> [ACTIVITY]: Omit the pictures and reproduce the rest of the listing exactly.

> [DATA BELOW]:
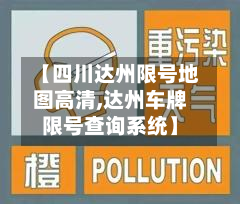 【四川达州限号地图高清,达州车牌限号查询系统】-第1张图片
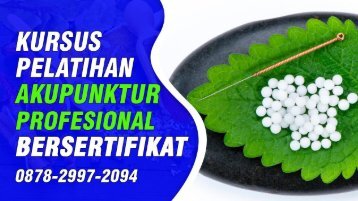 Kursus Akupunktur Di Bawang (Wa:0878-2997-2094) Pelatihan Akupuntur Biaya Murah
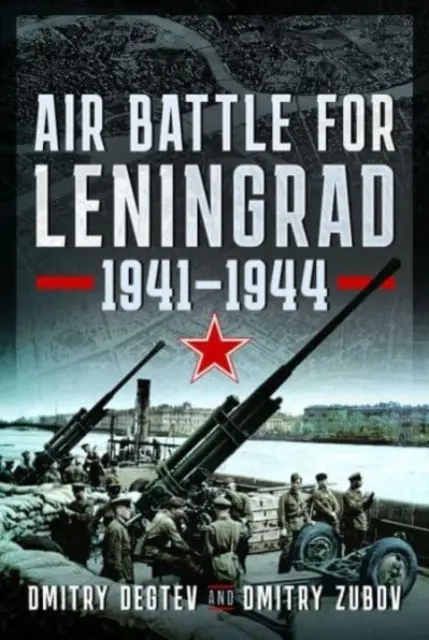 Bitwa powietrzna o Leningrad: 1941-1944 - Air Battle for Leningrad: 1941-1944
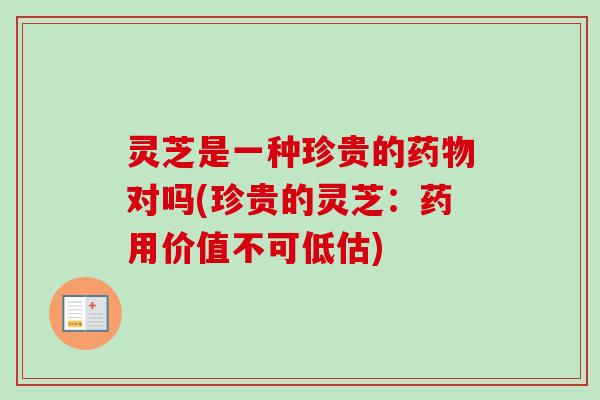 灵芝是一种珍贵的对吗(珍贵的灵芝:药用价值不可低估) 灵芝是一种珍贵的对吗(珍贵的灵芝:药用价值不可低估)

> [WRITTEN ANSWER]:
 【四川达州限号地图高清,达州车牌限号查询系统】-第1张图片
 Kursus Akupunktur Di Bawang (Wa:0878-2997-2094) Pelatihan Akupuntur Biaya Murah
 Bitwa powietrzna o Leningrad: 1941-1944 - Air Battle for Leningrad: 1941-1944
 灵芝是一种珍贵的对吗(珍贵的灵芝:药用价值不可低估) 灵芝是一种珍贵的对吗(珍贵的灵芝:药用价值不可低估)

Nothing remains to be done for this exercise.